→ Assignment
Print the line containing "Versatile Wireless Keyboard: Arteck" and all lines after it, unchanged, through the end of the data. Leave the pictures out.
*** Begin section ***
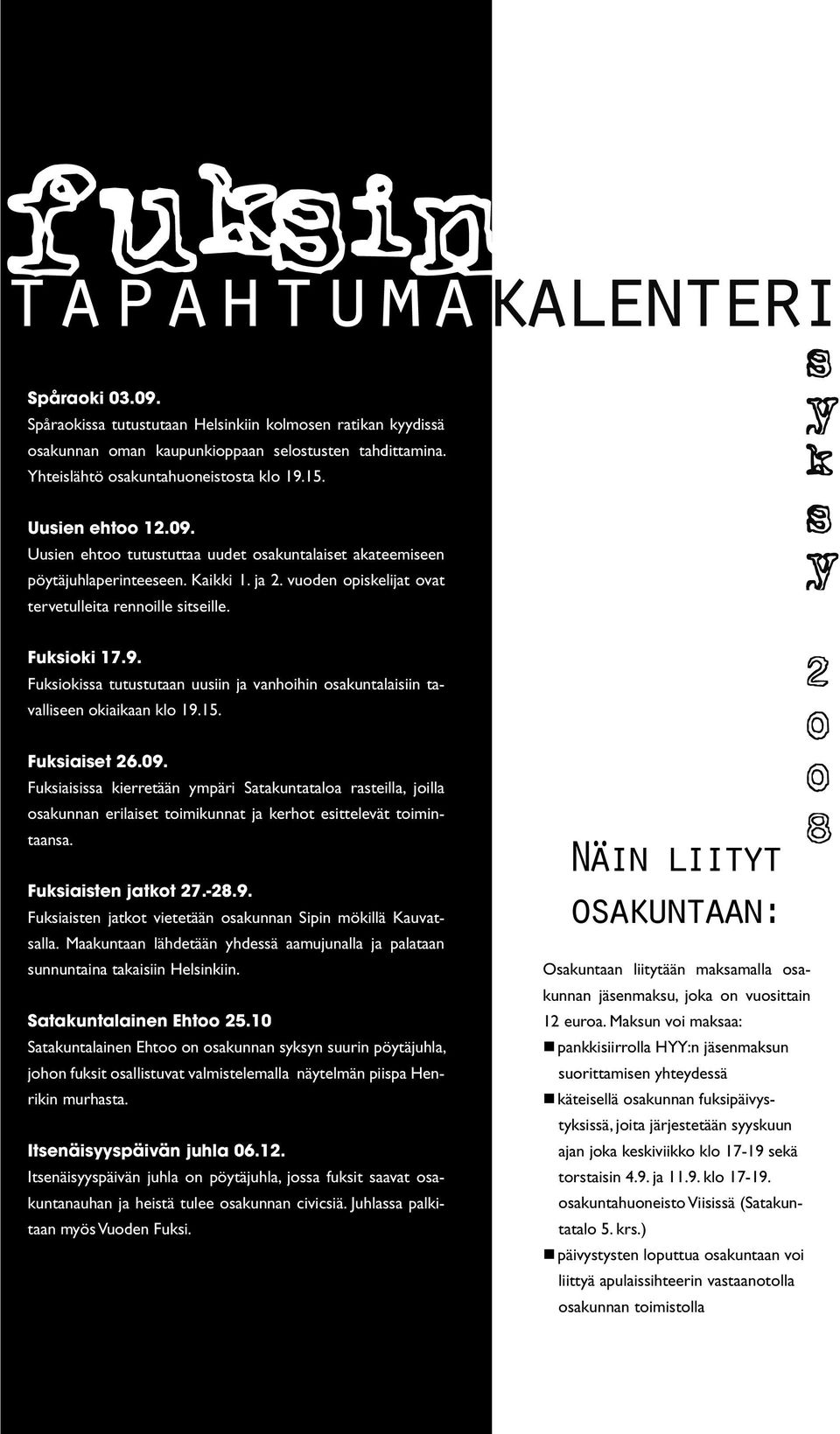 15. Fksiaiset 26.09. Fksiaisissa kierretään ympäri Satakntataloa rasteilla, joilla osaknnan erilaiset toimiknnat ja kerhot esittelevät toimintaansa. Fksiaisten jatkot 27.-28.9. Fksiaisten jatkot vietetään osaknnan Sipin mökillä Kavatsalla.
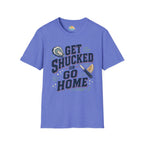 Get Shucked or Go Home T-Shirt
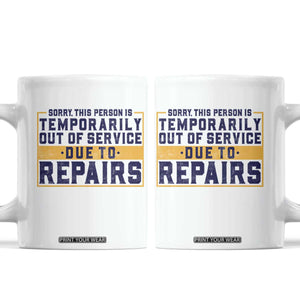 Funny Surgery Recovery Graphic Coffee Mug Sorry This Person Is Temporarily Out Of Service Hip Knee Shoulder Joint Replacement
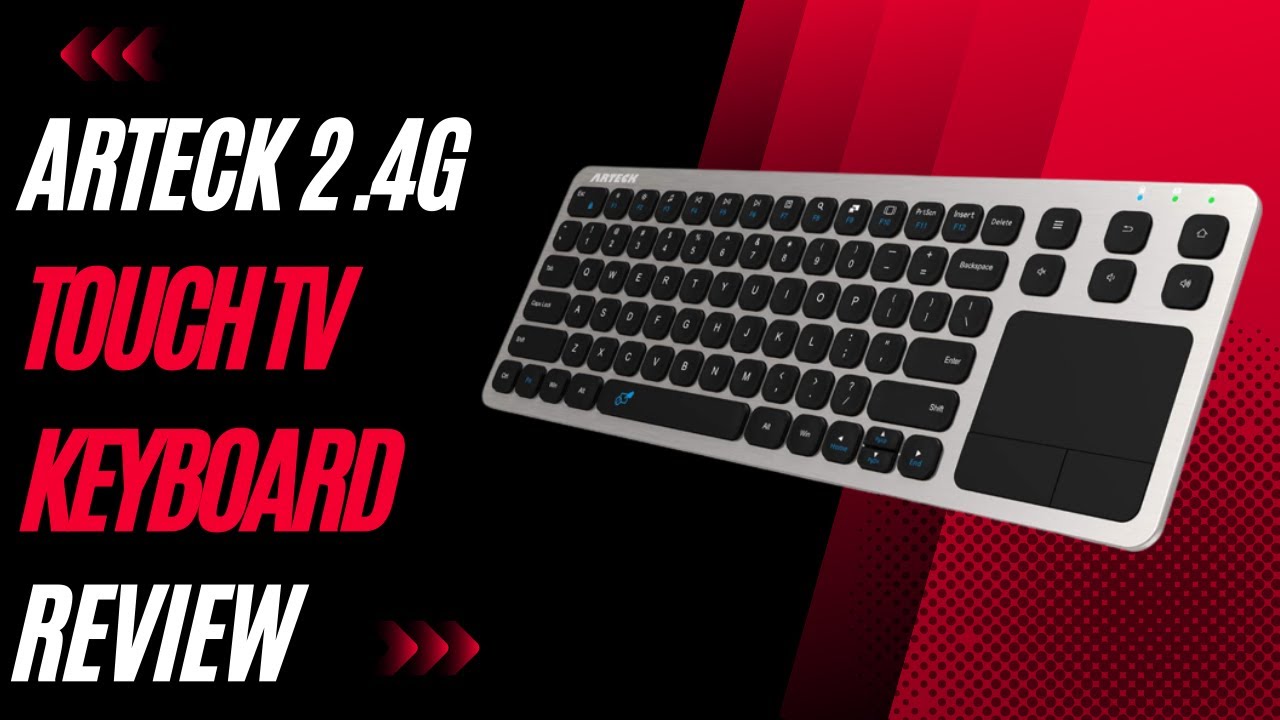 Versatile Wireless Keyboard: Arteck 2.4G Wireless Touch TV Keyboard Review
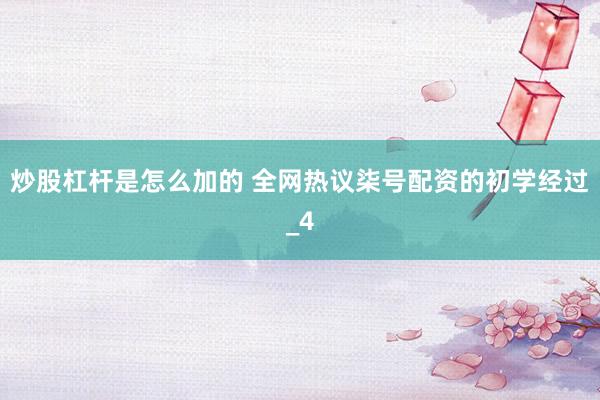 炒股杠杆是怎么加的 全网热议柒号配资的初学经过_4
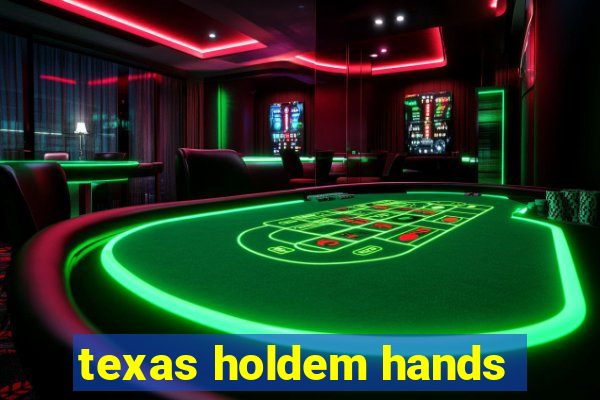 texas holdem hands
*** End section ***
→ Exercise response
 Versatile Wireless Keyboard: Arteck 2.4G Wireless Touch TV Keyboard Review
 炒股杠杆是怎么加的 全网热议柒号配资的初学经过_4
 texas holdem hands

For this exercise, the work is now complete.